Sunday, August 14, 2011

Destination: Middle of Nowhere

I finally hit the road Wednesday morning.

My CD player stutters and skips before the first disc ends. It's prone to overheating on road trips, but this is the earliest it's ever quit on me; I suspect the sun on the dash isn't helping. This is disappointing, because the mix I put in first was specifically designed for road trips and leaving-home-catharsis, but the drive itself turns out to be plenty cathartic. Alone in my car, I can be as emotionally messy as I like without disturbing anyone else, yet the forward motion reminds me I can leave the feelings behind as soon as I'm ready. This is important, because right now I'm very happy and very sad at the same time. All the leavings-behind and all the goodbyes seem very real, here at the brink of the new.

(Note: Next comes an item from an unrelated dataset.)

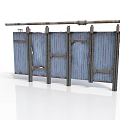 Weathered Blue Wooden Fence With Metal Brackets And Crossbar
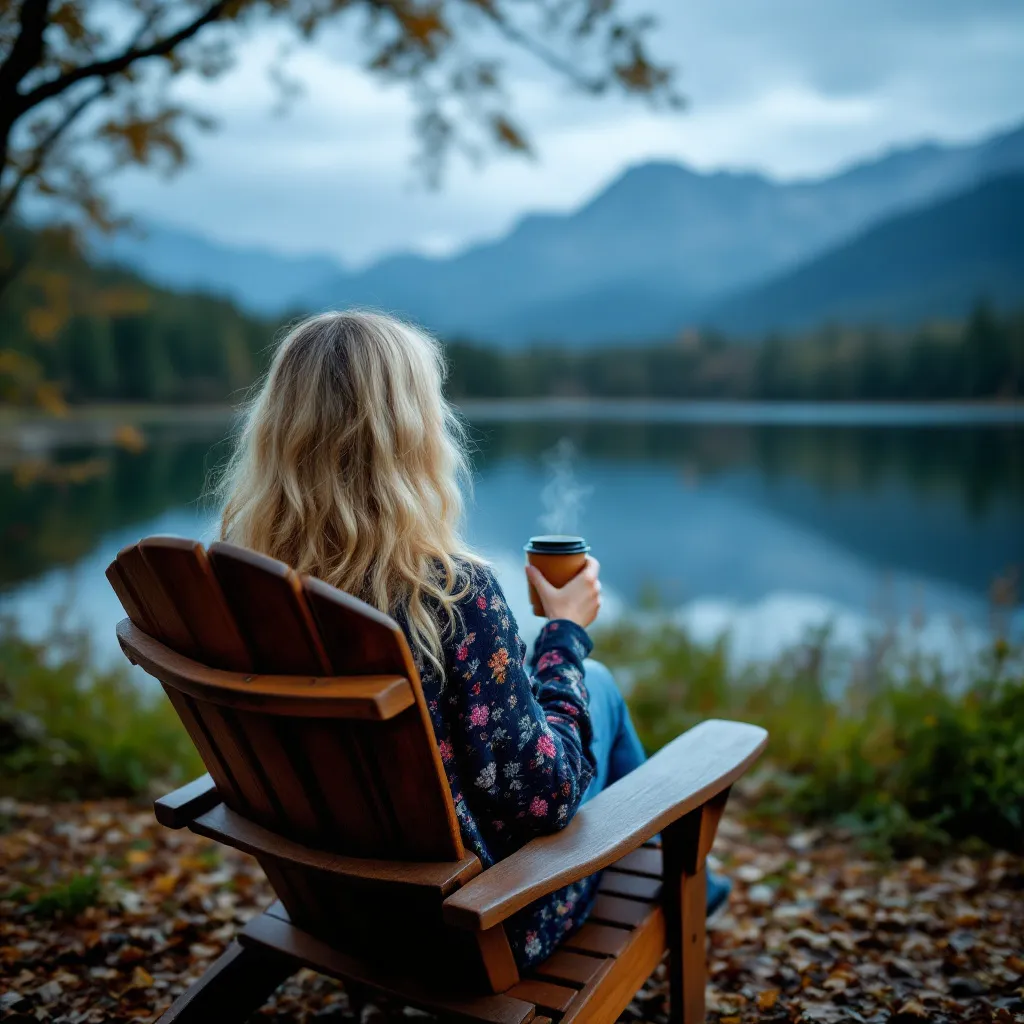 Prompt: A Blonde, long haired Middle aged woman, sitting in an Adirondack chair, facing the lake with a cup of coffee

Traffic is minimal, and the miles roll by soothingly. The scenery is pleasantly rural and gorgeously forested, but because it's the same scenery I grew up with, it scrolls past my eyes without leaving much of an impression. Then, along about Roseburg, I round a hillside and am confronted with a perfect model railroad scene: gnarled trees arranged sparingly on a hillside of tawny crushed velvet. This is different. Now it feels like I'm getting somewhere, and I begin paying more attention to the scenery outside myself... which is good, because soon the road becomes more winding and hilly. My 1990 Volvo has to knuckle down to get us up those hills, but it gets the job done. The sound of the engine and the air blowing in the windows make a decent enough soundtrack, and when my thoughts start to spiral, I shove the CD back in to coax another song or two out of the player before it chokes to a halt again.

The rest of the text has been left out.